Stiamo parlando di un romanzo in cui, letteralmente, c’è una casa a 10 passi da Auschwitz, dove la gente non sente nemmeno la puzza dei forni crematori… che mai vengono nominati.

Caro Boyne, nel tuo romanzo per ragazzi (per istruirli, per far nascere in loro dubbi, domande???) non hai omesso un po’ troppe cose?

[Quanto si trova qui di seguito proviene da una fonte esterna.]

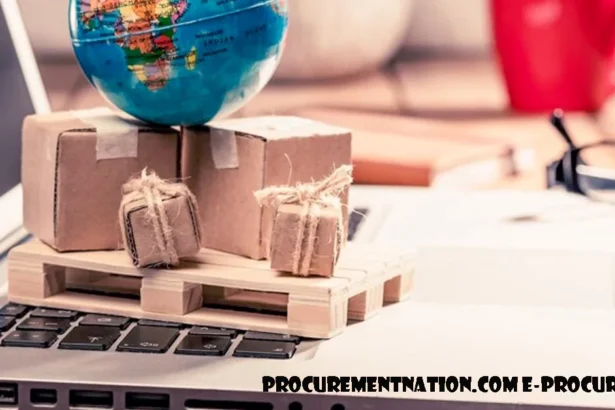 procurementnation.com e-procurement
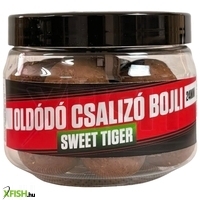 Speciál Mix Oldódó Csalizó Bojli Édes Tigrismogyoró 24mm 120g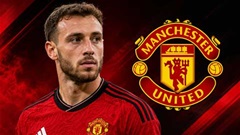 Tin giờ chót 19/7: MU chi 25 triệu bảng mua hậu vệ trái của Inter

Voler scrivere una specie di favola tragica non giustifica tutto questo, ai miei occhi. E, forse, il tentato (quasi riuscito) genocidio di una popolazione e l’orrore di una morte violenta e ingiustificata non dovrebbero essere spiegati con l’impianto di un libro per i più piccoli in cui tutto è scientificamente predisposto per suscitare quella o questa emozione, ma con poco rispetto per chi – in quei luoghi – ci è passato, morto ed è stato disintegrato. Non credo si meritassero – le vittime – di essere vittime anche di un romanzo semplicisticamente pop.

Ho un’idea. Ai ragazzini insegniamo la storia! Non ne saranno mai traumatizzati tanto, quanto chi a 6, 10, 20, 60 anni si è trovato in una camera a gas, insieme a centinaia di persone, sotto gli effetti dello Zyklon B.